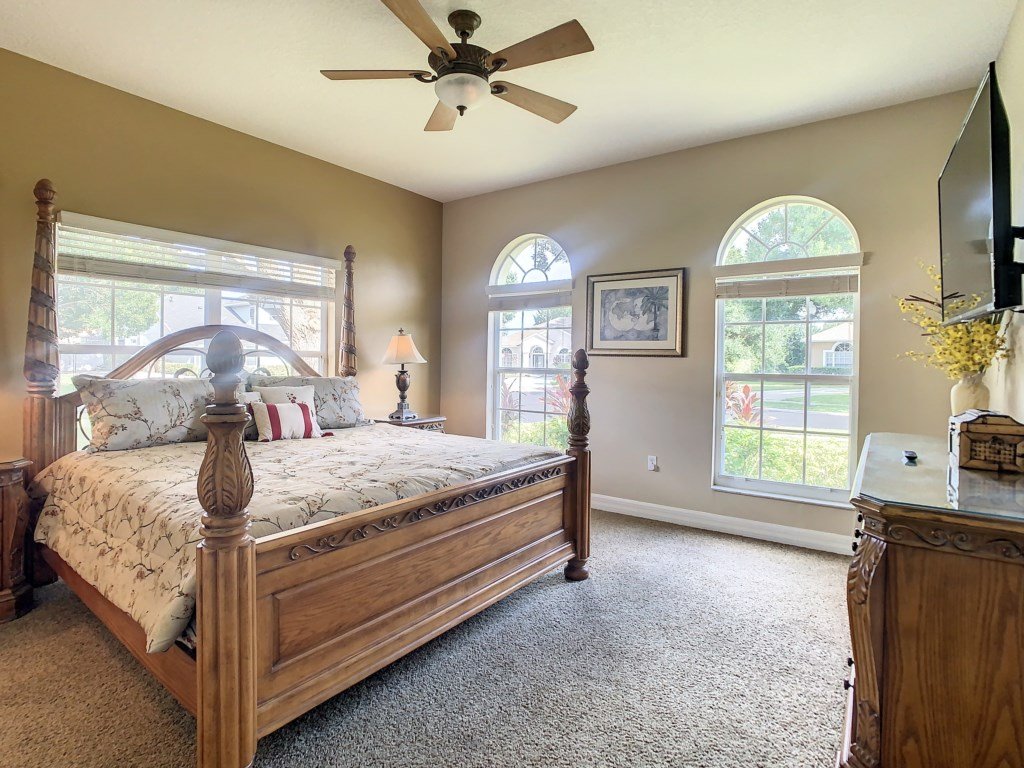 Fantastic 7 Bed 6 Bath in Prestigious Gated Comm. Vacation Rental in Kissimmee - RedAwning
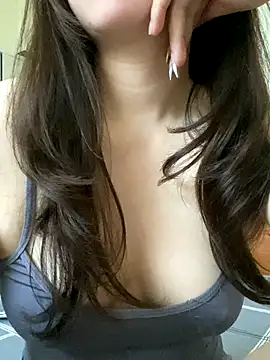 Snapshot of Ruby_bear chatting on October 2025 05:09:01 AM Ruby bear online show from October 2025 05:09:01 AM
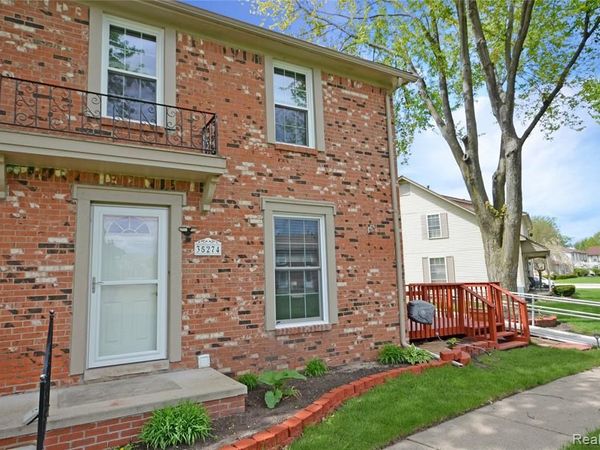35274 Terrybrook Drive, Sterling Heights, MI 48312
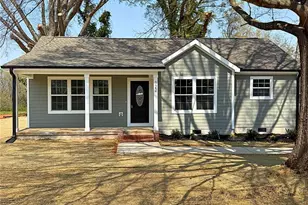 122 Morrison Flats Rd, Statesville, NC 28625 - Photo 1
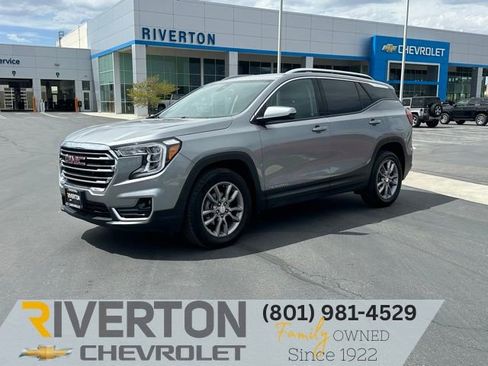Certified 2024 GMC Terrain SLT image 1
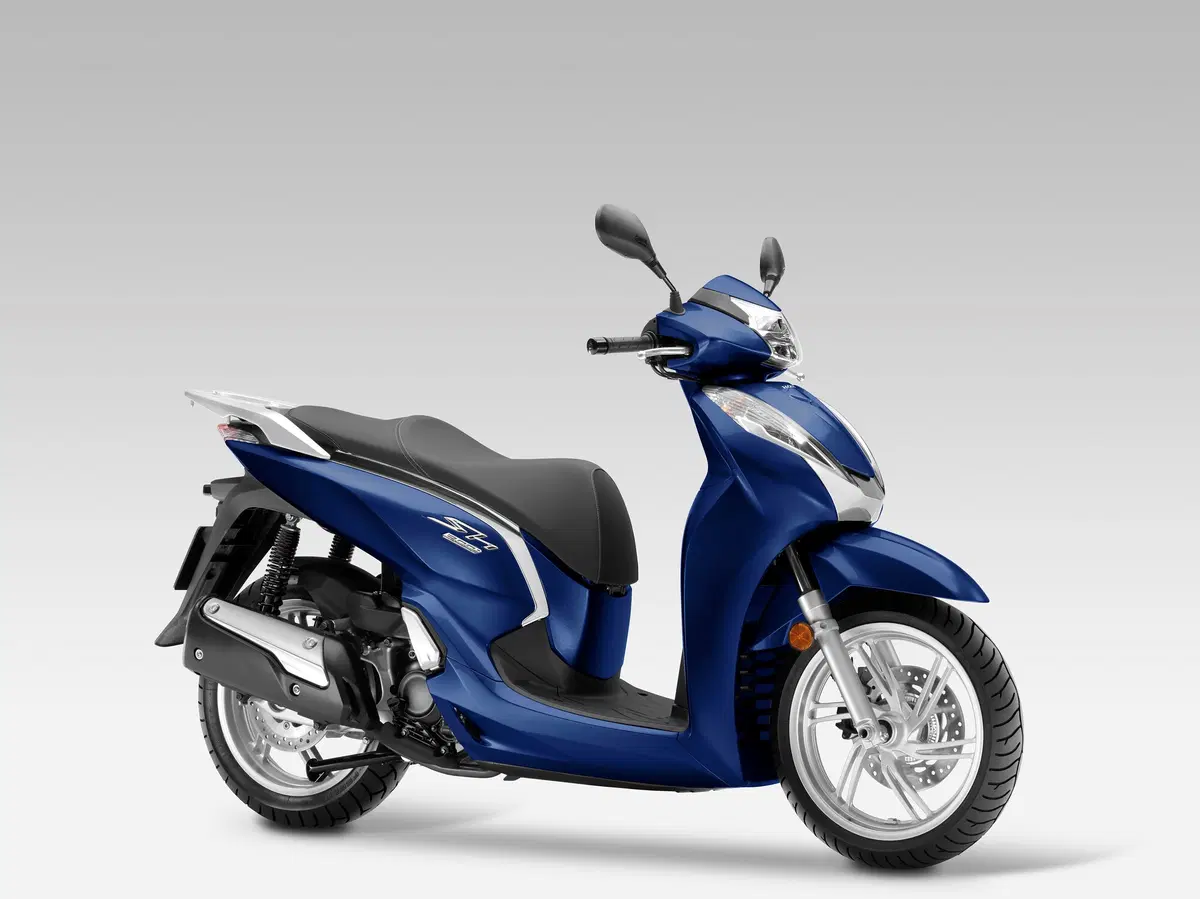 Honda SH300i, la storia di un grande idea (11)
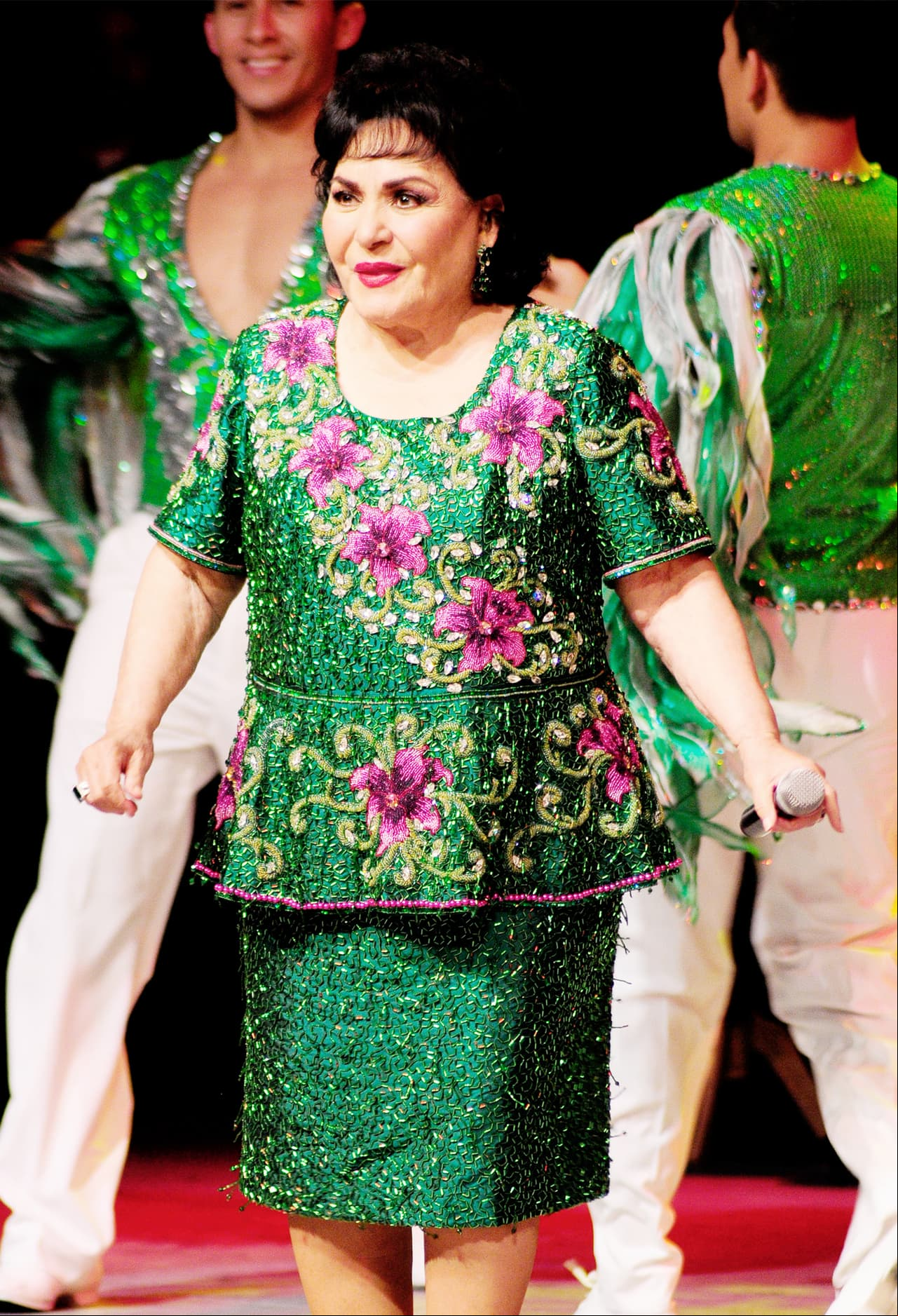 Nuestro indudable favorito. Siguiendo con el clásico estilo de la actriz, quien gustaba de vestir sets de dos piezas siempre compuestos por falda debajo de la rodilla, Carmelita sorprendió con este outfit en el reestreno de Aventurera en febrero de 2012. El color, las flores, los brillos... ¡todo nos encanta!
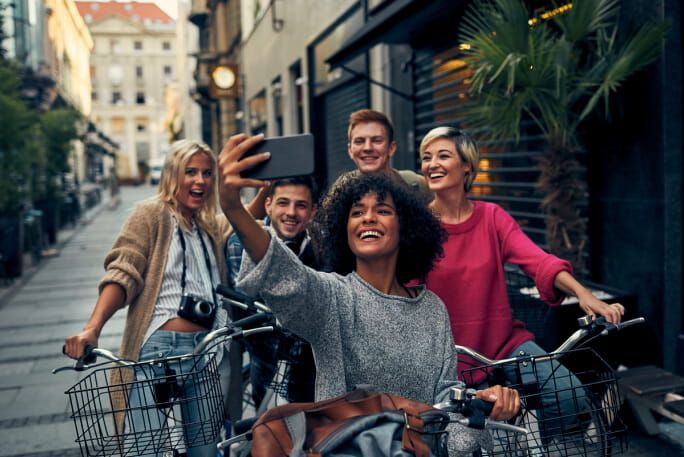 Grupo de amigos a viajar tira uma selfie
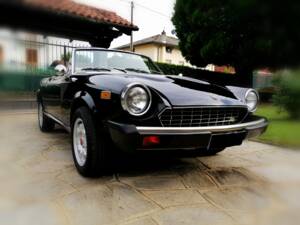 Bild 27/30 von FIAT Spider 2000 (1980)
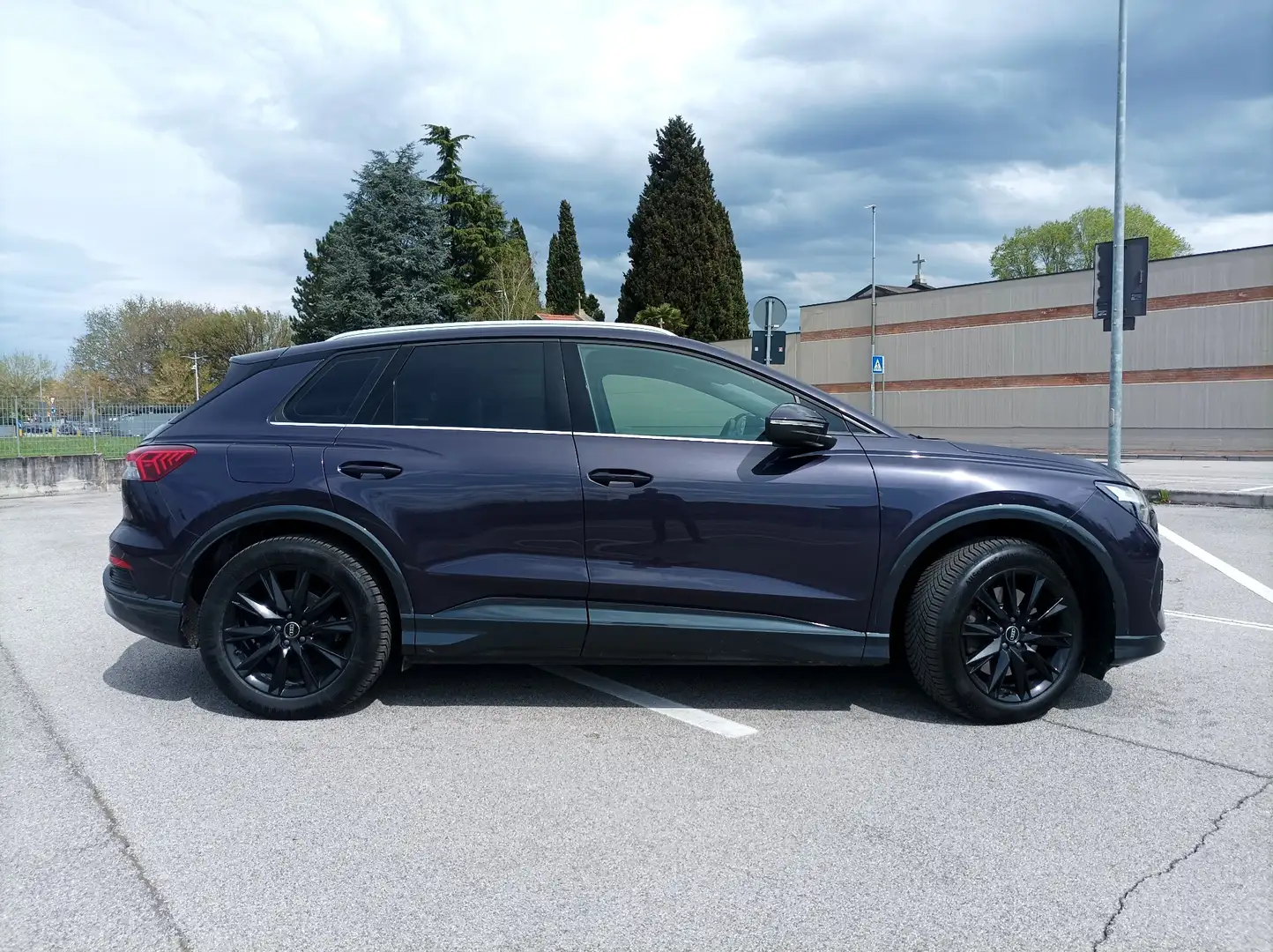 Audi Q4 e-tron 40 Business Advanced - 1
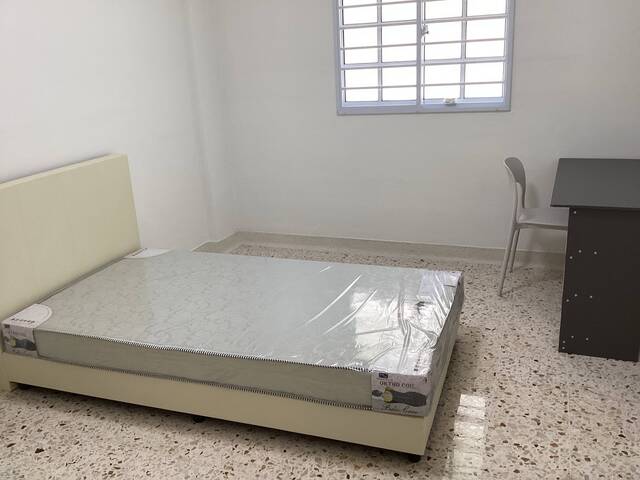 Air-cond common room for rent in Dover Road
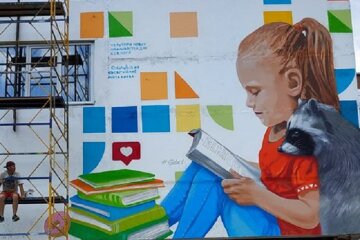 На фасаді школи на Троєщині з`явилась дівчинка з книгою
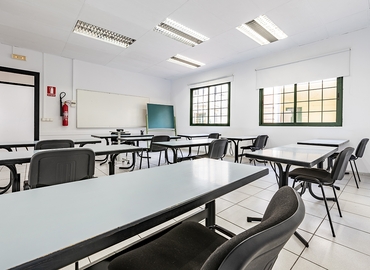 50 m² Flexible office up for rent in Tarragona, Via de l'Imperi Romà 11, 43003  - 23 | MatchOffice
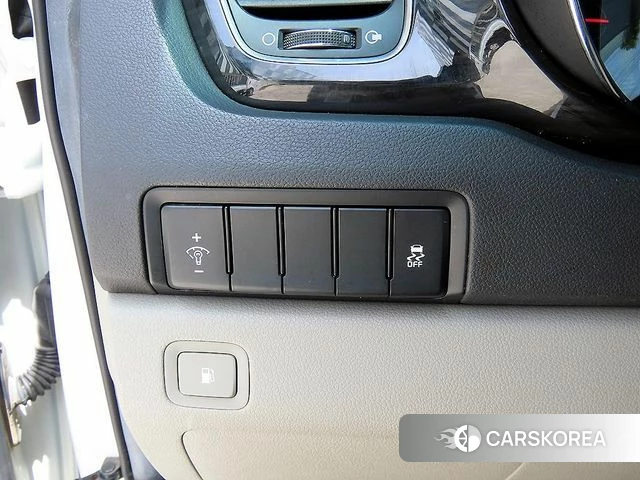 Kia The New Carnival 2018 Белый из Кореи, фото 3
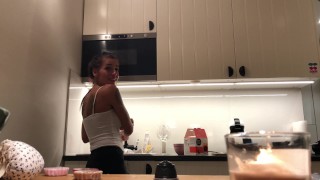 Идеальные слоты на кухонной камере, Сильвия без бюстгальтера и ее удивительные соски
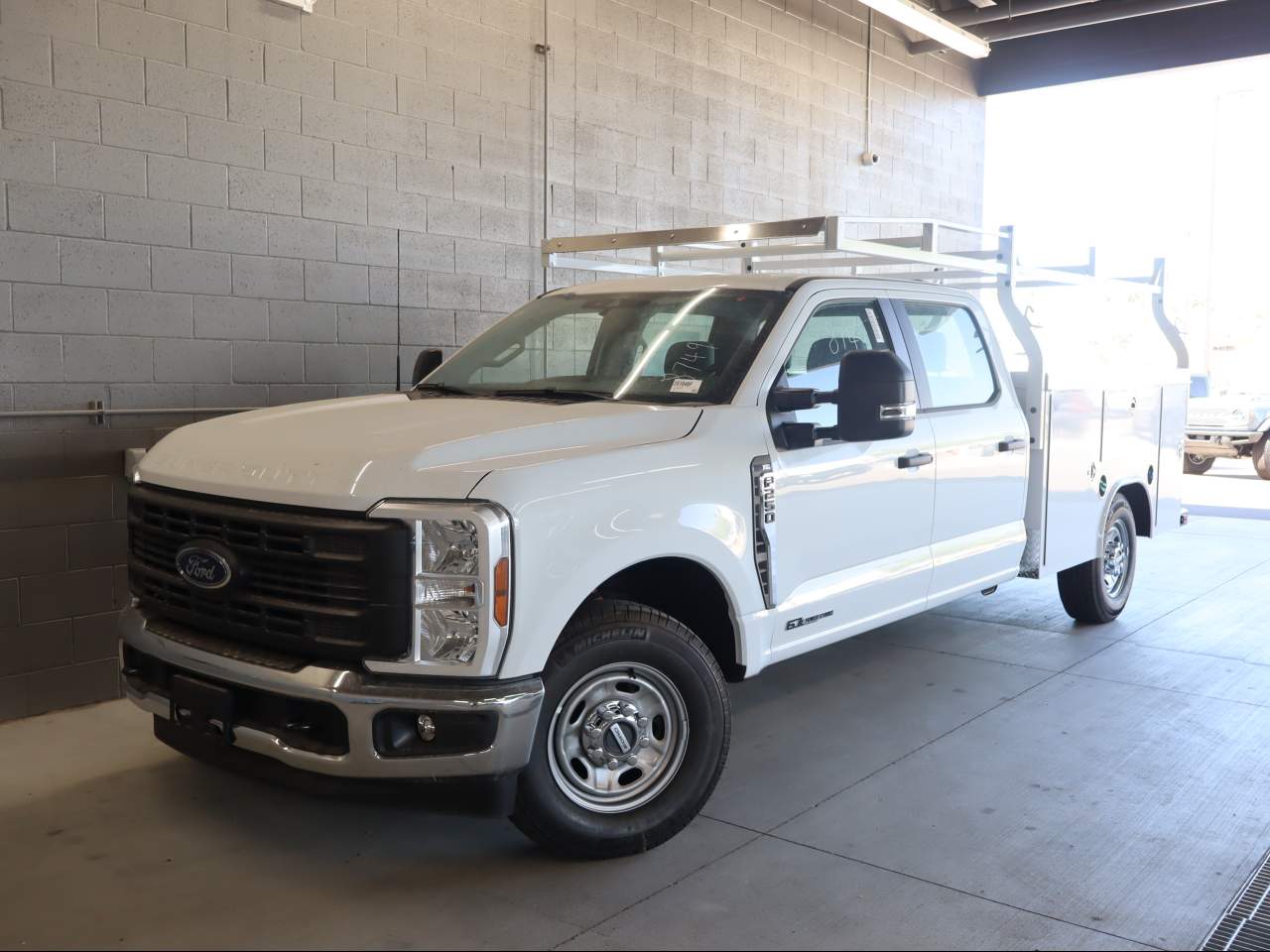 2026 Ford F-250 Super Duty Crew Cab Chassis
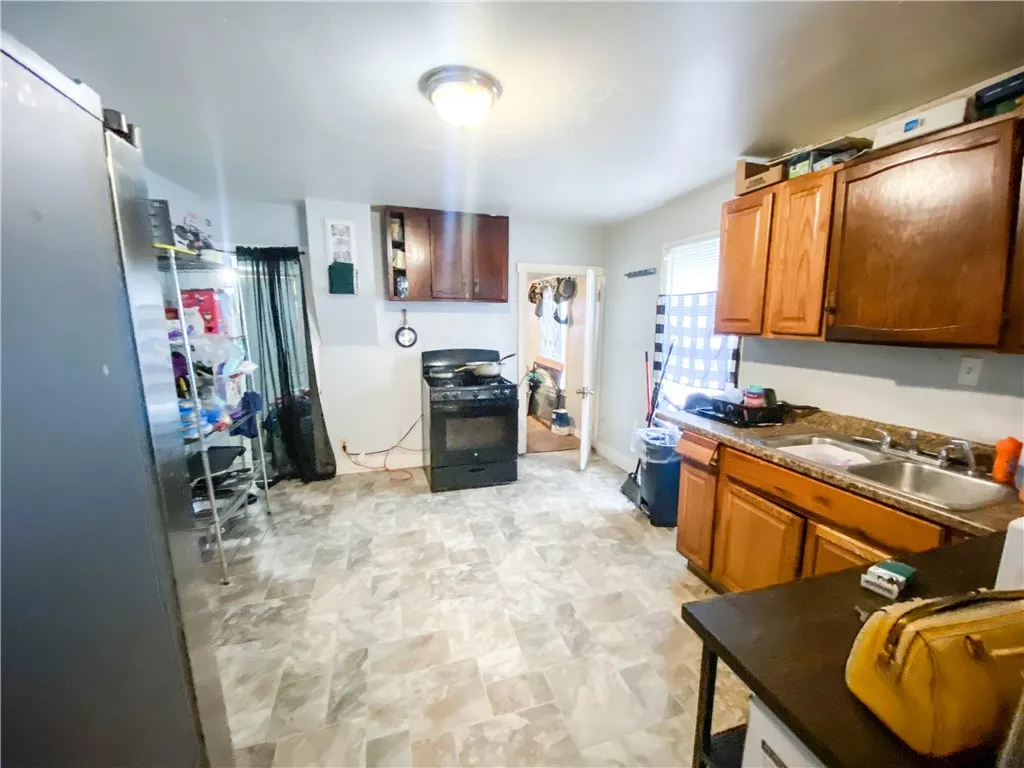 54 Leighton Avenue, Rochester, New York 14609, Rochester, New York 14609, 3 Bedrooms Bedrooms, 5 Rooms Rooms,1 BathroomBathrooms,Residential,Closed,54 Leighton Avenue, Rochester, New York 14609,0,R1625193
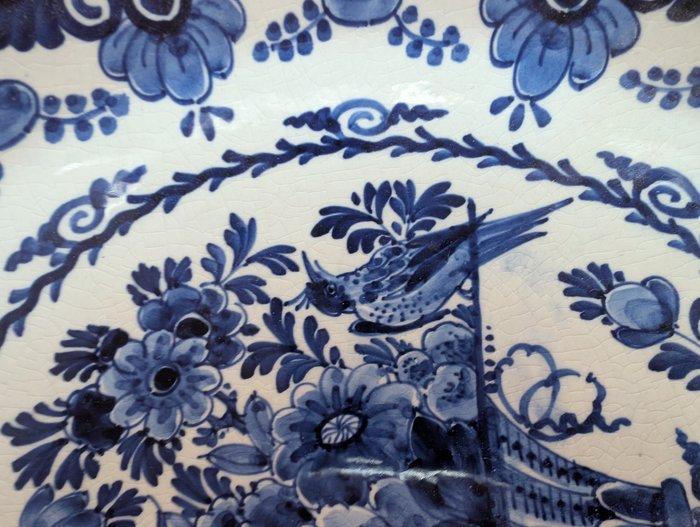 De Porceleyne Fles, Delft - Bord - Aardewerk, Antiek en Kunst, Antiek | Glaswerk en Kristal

## TASK REQUIREMENTS:
Output each record above exactly as written. Skip any pictures.

## EXERCISE OUTPUT:
 Fantastic 7 Bed 6 Bath in Prestigious Gated Comm. Vacation Rental in Kissimmee - RedAwning
 Snapshot of Ruby_bear chatting on October 2025 05:09:01 AM Ruby bear online show from October 2025 05:09:01 AM
35274 Terrybrook Drive, Sterling Heights, MI 48312
 122 Morrison Flats Rd, Statesville, NC 28625 - Photo 1
Certified 2024 GMC Terrain SLT image 1
 Honda SH300i, la storia di un grande idea (11)
 Nuestro indudable favorito. Siguiendo con el clásico estilo de la actriz, quien gustaba de vestir sets de dos piezas siempre compuestos por falda debajo de la rodilla, Carmelita sorprendió con este outfit en el reestreno de Aventurera en febrero de 2012. El color, las flores, los brillos... ¡todo nos encanta!
 Grupo de amigos a viajar tira uma selfie
 Bild 27/30 von FIAT Spider 2000 (1980)
 Audi Q4 e-tron 40 Business Advanced - 1
 Air-cond common room for rent in Dover Road
 На фасаді школи на Троєщині з`явилась дівчинка з книгою
 50 m² Flexible office up for rent in Tarragona, Via de l'Imperi Romà 11, 43003  - 23 | MatchOffice
 Kia The New Carnival 2018 Белый из Кореи, фото 3
 Идеальные слоты на кухонной камере, Сильвия без бюстгальтера и ее удивительные соски
 2026 Ford F-250 Super Duty Crew Cab Chassis
 54 Leighton Avenue, Rochester, New York 14609, Rochester, New York 14609, 3 Bedrooms Bedrooms, 5 Rooms Rooms,1 BathroomBathrooms,Residential,Closed,54 Leighton Avenue, Rochester, New York 14609,0,R1625193
 De Porceleyne Fles, Delft - Bord - Aardewerk, Antiek en Kunst, Antiek | Glaswerk en Kristal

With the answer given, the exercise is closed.